• **DATA EXTRACT**
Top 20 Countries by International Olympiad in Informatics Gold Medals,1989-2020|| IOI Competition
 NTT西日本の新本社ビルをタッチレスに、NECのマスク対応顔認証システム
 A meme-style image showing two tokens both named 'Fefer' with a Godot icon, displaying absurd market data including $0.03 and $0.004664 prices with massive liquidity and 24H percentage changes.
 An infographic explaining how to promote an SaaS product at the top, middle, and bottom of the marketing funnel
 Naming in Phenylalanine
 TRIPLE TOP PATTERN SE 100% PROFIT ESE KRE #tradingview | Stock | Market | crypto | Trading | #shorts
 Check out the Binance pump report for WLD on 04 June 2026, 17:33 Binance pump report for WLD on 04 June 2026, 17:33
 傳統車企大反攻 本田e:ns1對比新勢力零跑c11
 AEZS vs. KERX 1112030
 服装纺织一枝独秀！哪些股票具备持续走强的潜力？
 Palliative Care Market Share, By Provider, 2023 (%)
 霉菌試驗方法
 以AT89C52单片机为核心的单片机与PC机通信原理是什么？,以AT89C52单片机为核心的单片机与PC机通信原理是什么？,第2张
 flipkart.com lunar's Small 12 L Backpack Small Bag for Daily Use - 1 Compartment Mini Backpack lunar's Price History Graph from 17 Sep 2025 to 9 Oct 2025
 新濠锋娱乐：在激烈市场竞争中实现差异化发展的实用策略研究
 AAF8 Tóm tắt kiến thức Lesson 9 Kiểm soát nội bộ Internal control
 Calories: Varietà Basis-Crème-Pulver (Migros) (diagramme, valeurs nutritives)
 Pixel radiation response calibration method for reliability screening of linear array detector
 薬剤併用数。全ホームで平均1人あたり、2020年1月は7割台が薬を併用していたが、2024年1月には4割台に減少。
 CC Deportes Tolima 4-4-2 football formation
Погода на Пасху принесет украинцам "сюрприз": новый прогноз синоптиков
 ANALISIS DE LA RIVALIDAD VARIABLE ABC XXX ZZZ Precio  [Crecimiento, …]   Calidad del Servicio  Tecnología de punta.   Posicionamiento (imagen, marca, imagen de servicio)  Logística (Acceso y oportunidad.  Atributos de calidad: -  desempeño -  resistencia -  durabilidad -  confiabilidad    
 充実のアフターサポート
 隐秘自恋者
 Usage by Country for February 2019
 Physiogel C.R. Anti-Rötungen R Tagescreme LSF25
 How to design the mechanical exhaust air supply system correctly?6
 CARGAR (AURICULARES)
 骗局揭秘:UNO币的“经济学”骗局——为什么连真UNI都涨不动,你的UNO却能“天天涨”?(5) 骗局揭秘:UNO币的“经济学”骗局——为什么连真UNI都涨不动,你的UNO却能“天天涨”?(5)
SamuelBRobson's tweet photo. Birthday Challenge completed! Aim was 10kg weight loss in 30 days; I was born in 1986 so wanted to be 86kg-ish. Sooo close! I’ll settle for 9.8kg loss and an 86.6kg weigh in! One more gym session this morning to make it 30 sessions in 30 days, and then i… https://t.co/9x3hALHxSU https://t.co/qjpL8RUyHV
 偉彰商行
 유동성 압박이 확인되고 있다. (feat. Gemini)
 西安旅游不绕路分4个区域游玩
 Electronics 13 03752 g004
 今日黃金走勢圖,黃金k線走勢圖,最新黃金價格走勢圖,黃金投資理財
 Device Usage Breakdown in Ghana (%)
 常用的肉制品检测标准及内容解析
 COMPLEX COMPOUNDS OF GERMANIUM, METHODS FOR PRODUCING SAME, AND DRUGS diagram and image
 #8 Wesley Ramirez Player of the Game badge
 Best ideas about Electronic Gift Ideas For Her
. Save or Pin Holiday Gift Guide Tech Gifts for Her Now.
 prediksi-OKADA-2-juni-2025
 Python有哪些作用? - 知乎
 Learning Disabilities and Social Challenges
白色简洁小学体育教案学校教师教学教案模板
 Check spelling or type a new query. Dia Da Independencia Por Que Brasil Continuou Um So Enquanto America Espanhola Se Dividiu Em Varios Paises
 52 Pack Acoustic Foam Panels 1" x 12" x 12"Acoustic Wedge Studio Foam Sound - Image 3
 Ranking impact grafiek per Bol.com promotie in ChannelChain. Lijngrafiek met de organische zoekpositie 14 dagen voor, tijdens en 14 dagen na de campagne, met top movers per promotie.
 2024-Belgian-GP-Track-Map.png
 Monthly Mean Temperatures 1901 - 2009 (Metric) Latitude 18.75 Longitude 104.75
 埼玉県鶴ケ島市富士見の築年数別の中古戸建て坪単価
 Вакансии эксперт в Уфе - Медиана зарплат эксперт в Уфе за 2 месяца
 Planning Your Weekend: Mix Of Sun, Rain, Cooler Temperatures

• **ASSIGNMENT**
For every line in the data above that has the string "Check", return that line.

• **SOLUTION**
 Check out the Binance pump report for WLD on 04 June 2026, 17:33 Binance pump report for WLD on 04 June 2026, 17:33
 Check spelling or type a new query. Dia Da Independencia Por Que Brasil Continuou Um So Enquanto America Espanhola Se Dividiu Em Varios Paises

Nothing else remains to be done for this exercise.